With the pictures set aside, reproduce each entry precisely as it reads.

---

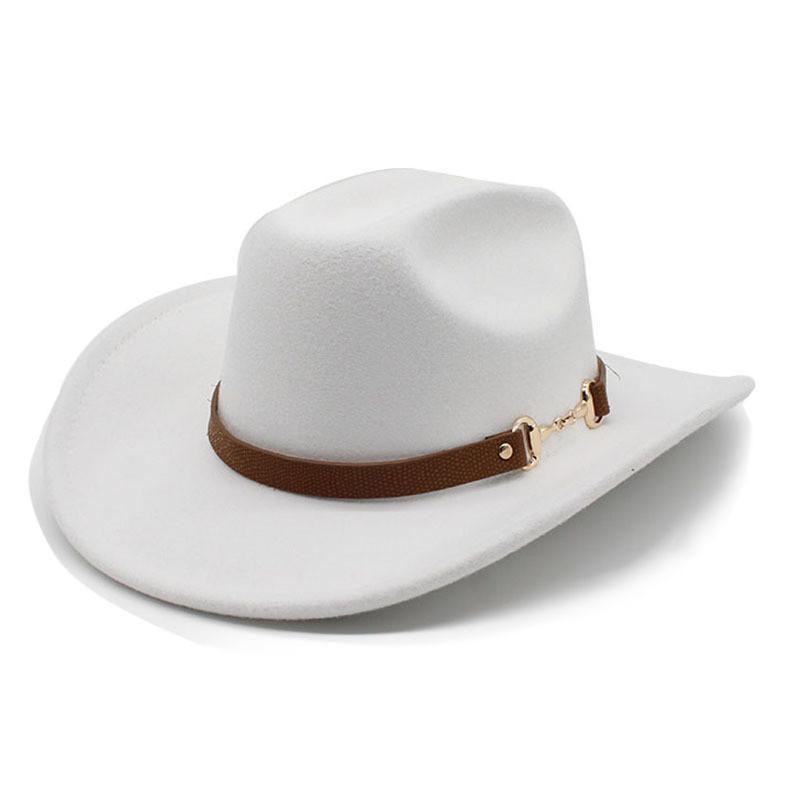 Traditional Tibetan Style Western Cowboy Hat With Wool Felt For Men And Women Summer Sun Protection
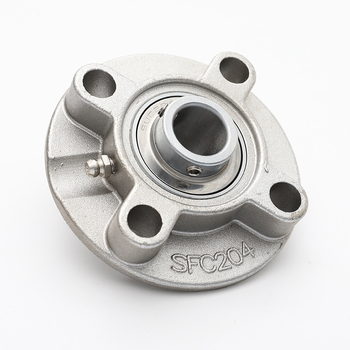 Ruisheng σφαιρικό ρουλεμάν με βάση, FC σειρά UCFC205, ανοξείδωτο ατσάλι, στρογγυλός τύπος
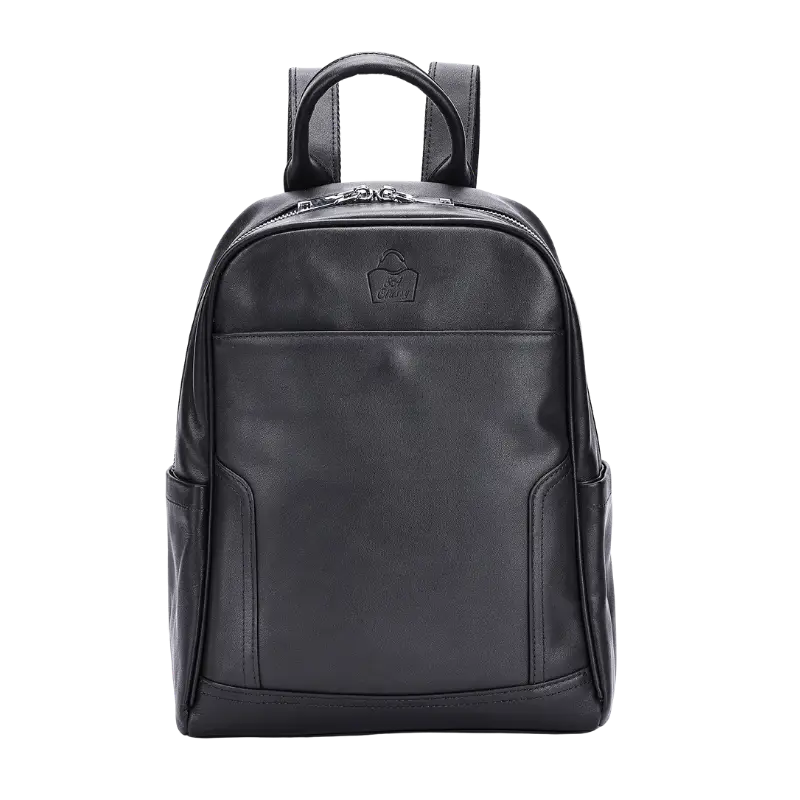 genuine leather backpack display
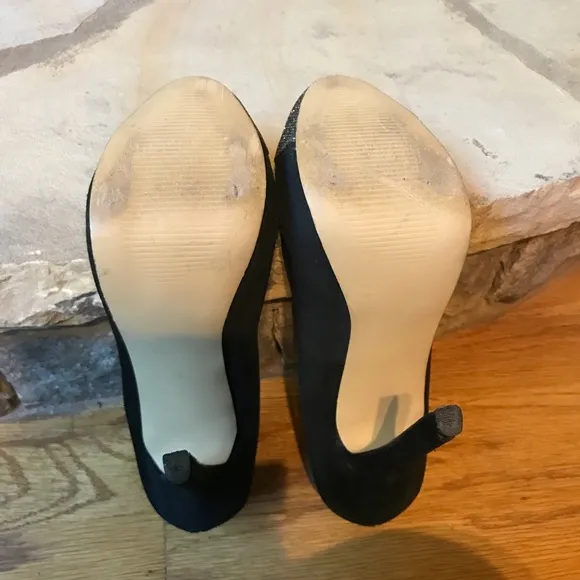 Steve Madden Gold Toe Heels Size 7 1/2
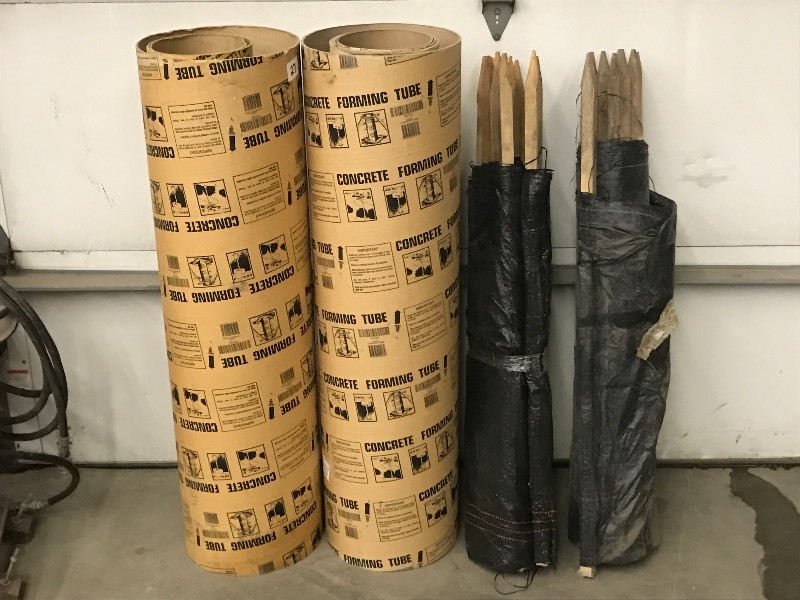 lot 27 image: Concrete Form Tubes & Silt Fences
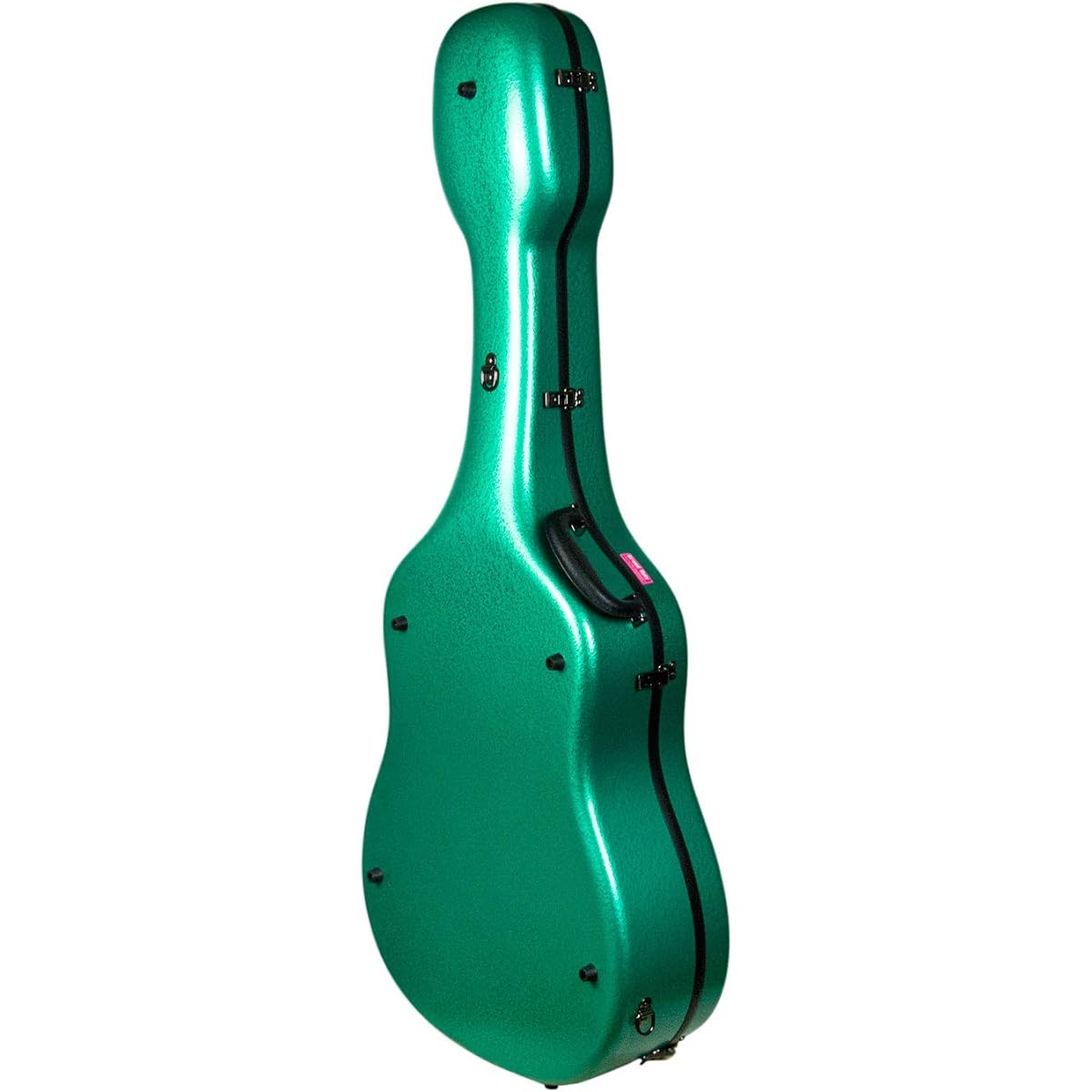 Fiberglass Guitar Hard Case D Style Matte Green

---

#### ANSWER AREA
 Traditional Tibetan Style Western Cowboy Hat With Wool Felt For Men And Women Summer Sun Protection
 Ruisheng σφαιρικό ρουλεμάν με βάση, FC σειρά UCFC205, ανοξείδωτο ατσάλι, στρογγυλός τύπος
 genuine leather backpack display
 Steve Madden Gold Toe Heels Size 7 1/2
 lot 27 image: Concrete Form Tubes & Silt Fences
 Fiberglass Guitar Hard Case D Style Matte Green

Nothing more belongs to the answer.